— Problem to solve —
Give again, exactly and without pictures, the lines running from the line with "اتاق راحتی سه تخته, Aktivhotel Santalucia" to the end of the records below.

— Records from a data collection —

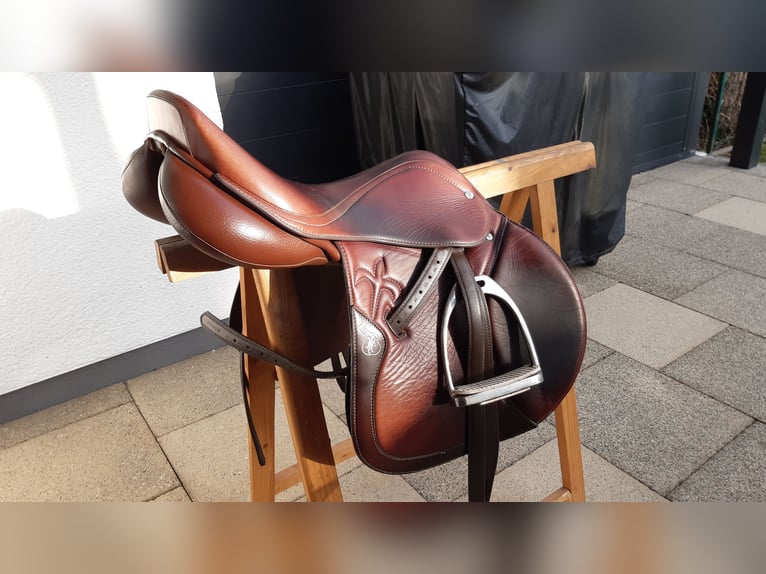 Springsattel braun von JH Reitsport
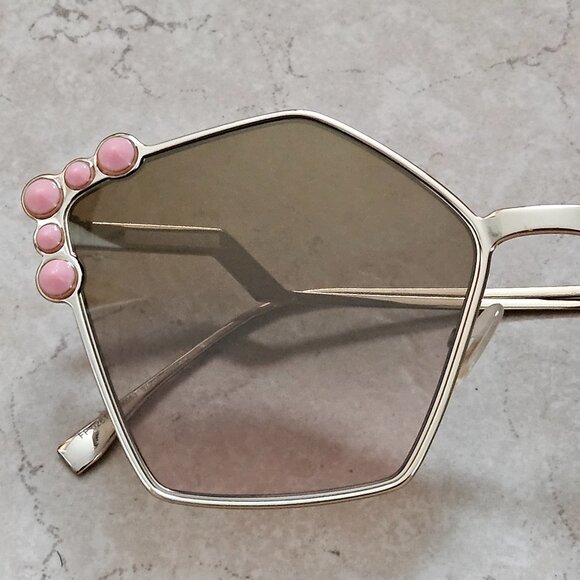 NWOT FENDI GEOMETRIC PENTAGON ITALY METAL PINK CRYSTAL OVERSIZED SUNGLASSES main image 5
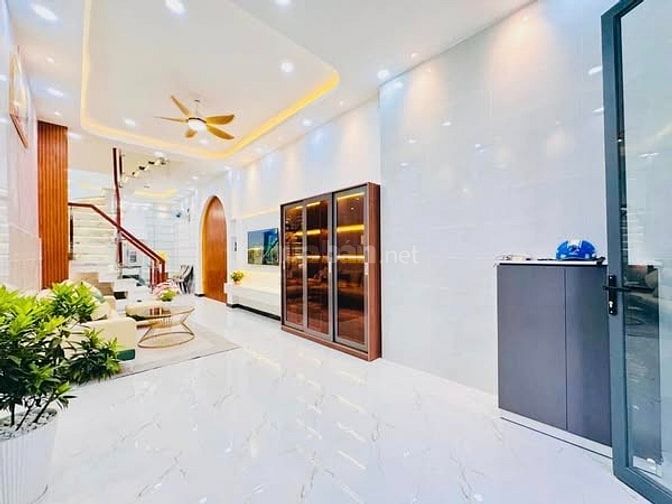 Nhà ngợp Đ.Nguyễn Trãi, P2, Quận 5. GIÁ 4TỶ2. DT 48m2 SHR Cho thuê HĐ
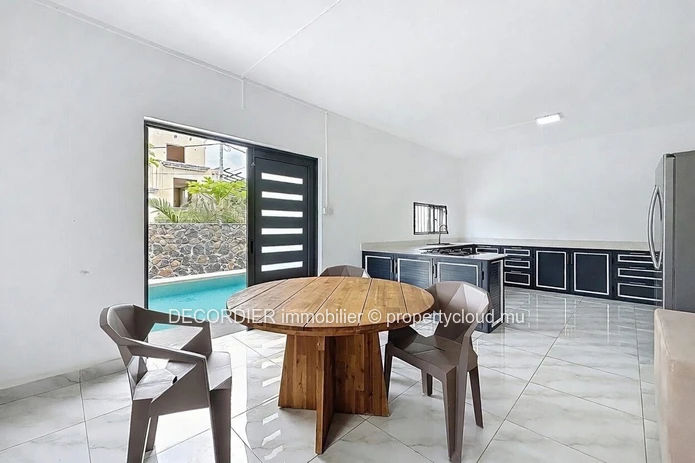 Modern two-storey house with swimming pool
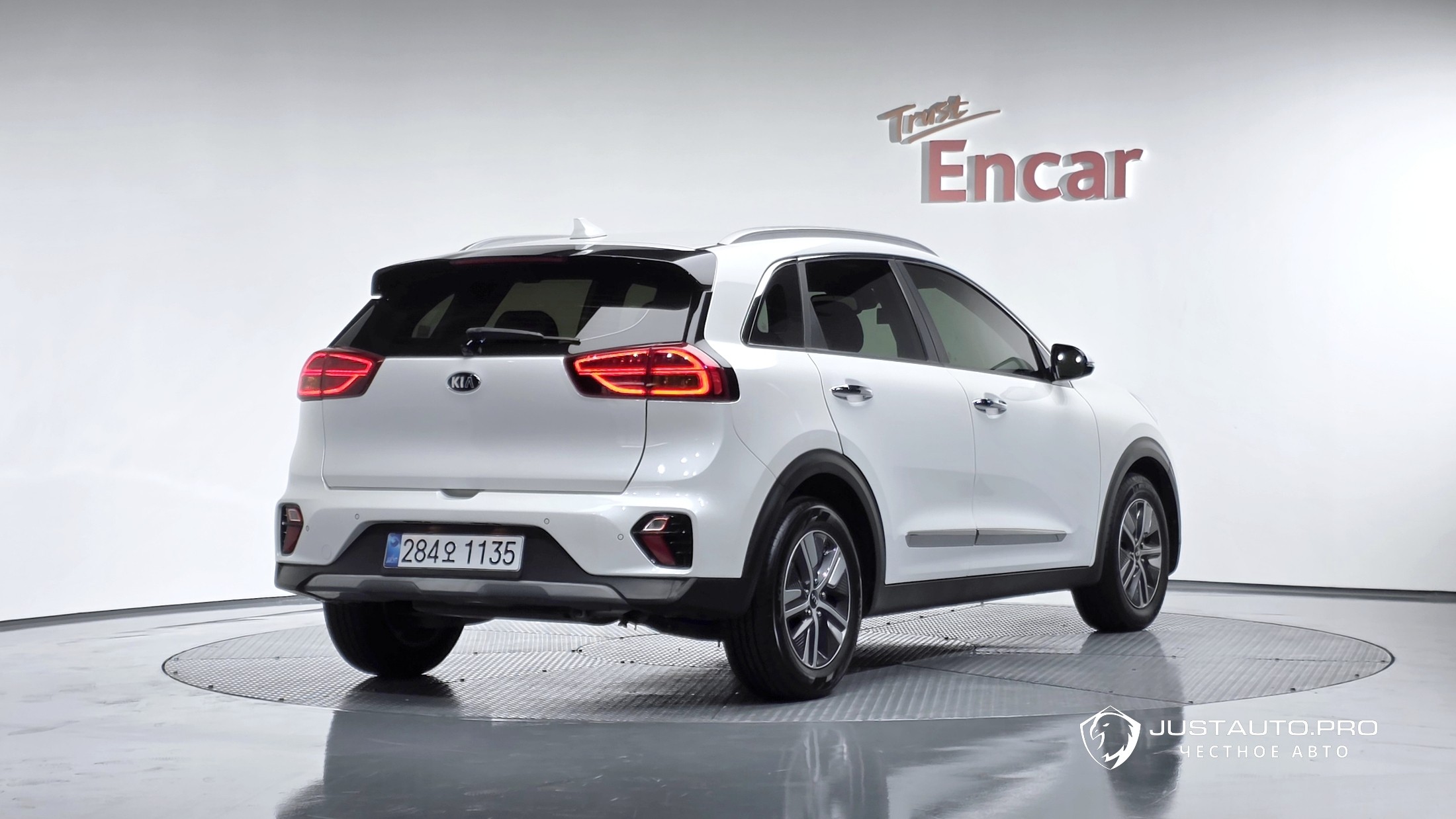 Автомобиль Kia Niro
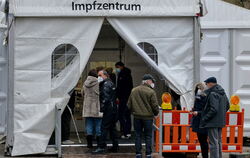 Menschen stehen vor dem Impfzentrum Tübingen an.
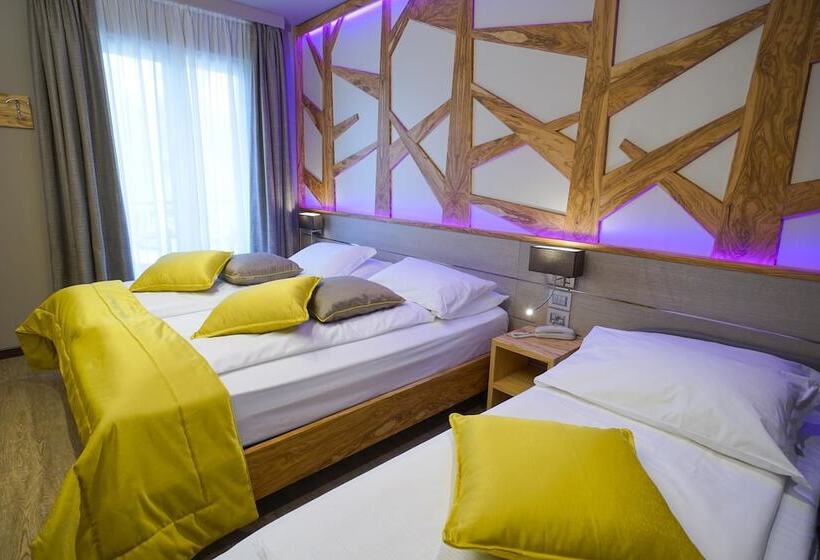 اتاق راحتی سه تخته, Aktivhotel Santalucia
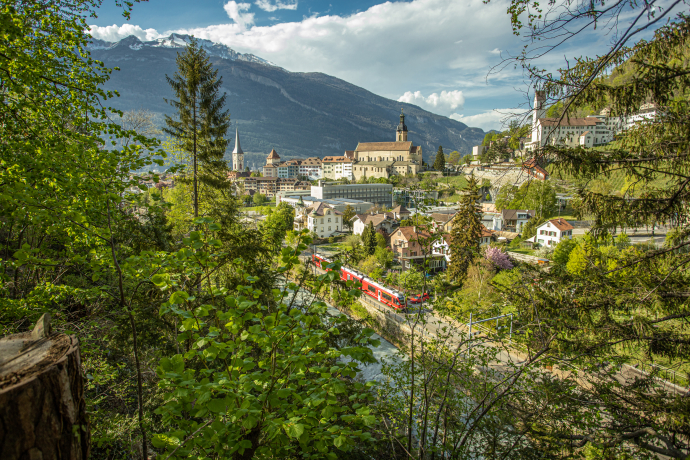 sehenswuerdigkeit_panorama_fruehling_altstadt_rhb_yvonne-bollhalder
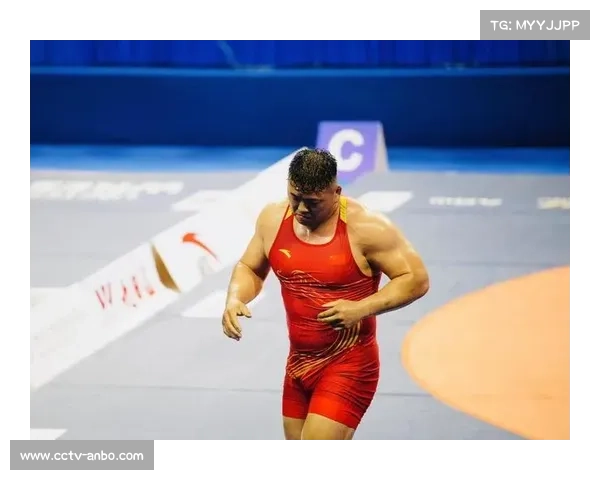 老将周倩全运会戴护膝完赛，诠释摔跤运动员坚韧精神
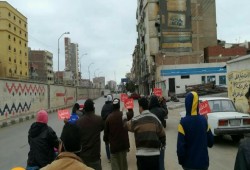 ثوار الزقازيق يواصلون التظاهر فى جمعة “يناير الحرية.. لنا عودة”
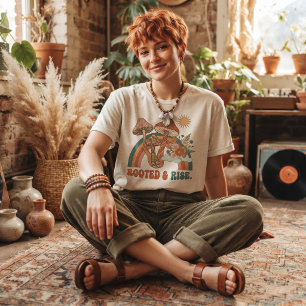 Rooted & Rise Boho Pilz Regenbogen T-Shirt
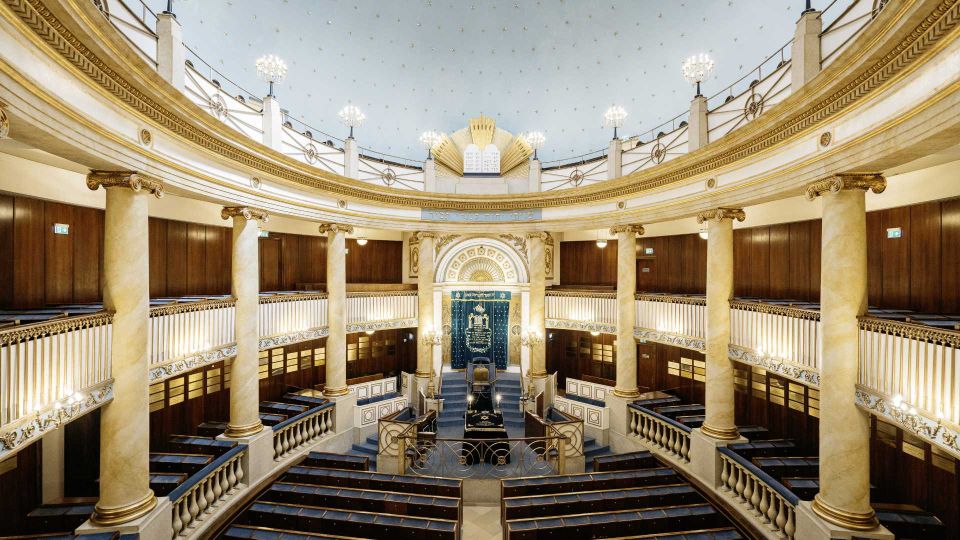 Jewish Vienna: City Synagogue Guided Tour - City Synagogue in one hour: what you’ll actually see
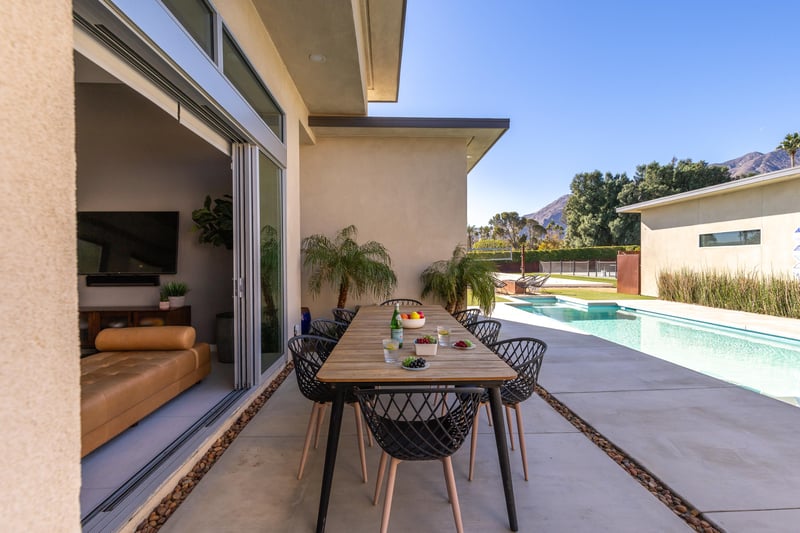 Covered al fresco dining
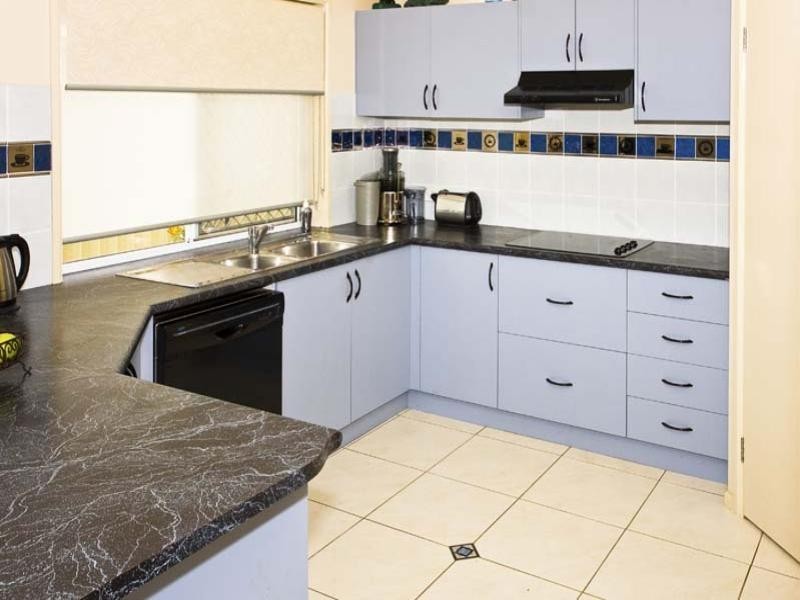 18 Jelena Close, Bossley Park NSW 2176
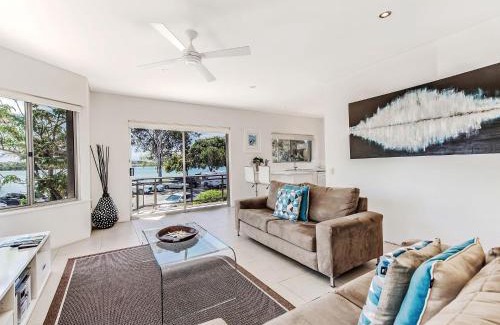 Noosaville Apartment | 2 Aarons Villa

— Expected output —
 اتاق راحتی سه تخته, Aktivhotel Santalucia
 sehenswuerdigkeit_panorama_fruehling_altstadt_rhb_yvonne-bollhalder
 老将周倩全运会戴护膝完赛，诠释摔跤运动员坚韧精神
 ثوار الزقازيق يواصلون التظاهر فى جمعة “يناير الحرية.. لنا عودة”
 Rooted & Rise Boho Pilz Regenbogen T-Shirt
 Jewish Vienna: City Synagogue Guided Tour - City Synagogue in one hour: what you’ll actually see
 Covered al fresco dining
 18 Jelena Close, Bossley Park NSW 2176
 Noosaville Apartment | 2 Aarons Villa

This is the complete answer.